Le système de combat mériterait donc d’un poil plus de polish pour un futur épisode 2, mais ce qu’il y a déjà là est vraiment cool, avec pas mal de possibilités de customisation pour qui veut prendre la peine de le creuser. On peut y aller en mode bourre-pif sans subtilité, mais ça rend les combats plutôt monotones et une partie du fun vient de l’expérimentation, donc je ne peux que vous conseiller de maîtriser les différentes techniques.
Nelson Mantara’s Love
Comme dit plus haut, une grande partie de ce qui fait le charme de Shiness, c’est son univers. Et cela passe aussi par des décors fouillés et très détaillés. Chaque lieu raconte une histoire et l’on peut trouver ici et là quelques indices sur ce qu’il a pu se passer par le passé. On sent que tout a été étudié avec beaucoup d’attention pour rendre le tout le plus mystérieux et intriguant possible, menant à cette envie d’en savoir plus et fatalement à cette frustration.

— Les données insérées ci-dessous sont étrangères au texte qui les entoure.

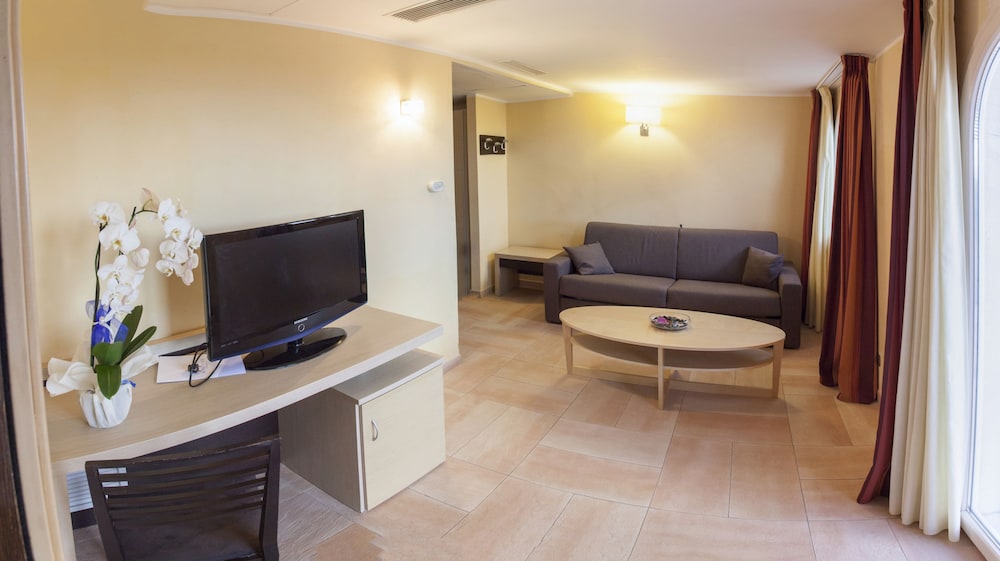 BV Airone Resort 35/65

En revanche, une autre frustration plus naturelle vient des différents bugs ici et là, avec pas mal de personnages flottant désespérément dans les airs pendant quelques secondes, des animations manquantes, des statistiques parfois inexistantes et les très rares coups qui ne touchent pas leur cible. L’Unreal Engine 3 est réputé pour être un moteur capricieux et ce n’est hélas pas Shiness qui va nous faire penser le contraire, car il apporte pas mal d’imperfections à un tableau qui autrement est plus que beau. Après, les gens de l’équipe m’ont assuré qu’ils travaillaient d’arrache-pied à la création d’un patch et je collabore un peu avec eux pour leur indiquer les problèmes que j’ai rencontré, donc il se peut qu’ils soient déjà résolus quand vous mettrez la main dessus.

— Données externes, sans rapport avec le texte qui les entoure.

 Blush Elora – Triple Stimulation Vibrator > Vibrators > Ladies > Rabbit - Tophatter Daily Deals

Enfin, il convient de parler de la musique, qui nous rappelle à tous les tournants l’âge d’or de Squaresoft. Entre son thème principal rappelant Chrono Cross à celui de la plaine rappelant Hitoshi Sakimoto, jusqu’au thème du boss final qui rappelle du Nobuo Uematsu sous stéroïdes lors de sa période Black Mages, les influences sont très bonnes. Et Hazem Hawash, le directeur et compositeur du jeu, y met également de sa propre patte pour la plupart des autres thèmes, qui sont très agréables à l’écoute. Le thème des créatures que l’on chevauche est tout particulièrement grisant et le premier palais possède une touche orientale plus que bienvenue.

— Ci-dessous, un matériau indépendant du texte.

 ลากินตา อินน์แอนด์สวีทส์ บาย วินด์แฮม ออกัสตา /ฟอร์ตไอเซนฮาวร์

Au final, Shiness : The Lightning Kingdom pourrait, si on faisait de très gros raccourcis, être considéré comme le Final Fantasy XV indépendant. Des années en production, un univers hyper vaste et riche, une bande-son qui défonce et des problèmes techniques ici et là qui entachent un peu un jeu autrement plaisant. Ce n’est certes pas le jeu parfait, même s’il devrait être patché assez rapidement pour être bien meilleur, mais si vous vous immergez dans son univers, il y a moyen pour que vous en ressortiez des émotions parfois très contradictoires en tête, mais avec une envie très persistante : d’en avoir et d’en savoir plus ! Bref, si vous n’êtes pas allergiques aux jeux peut-être un poil trop ambitieux pour leur propre bien, de lire du contenu parallèle pour bien saisir tous les enjeux, je ne peux que vous recommander de tenter l’expérience Shiness, car même plusieurs heures après l’avoir fini, je continue d’y penser tout en ayant envie d’y retourner.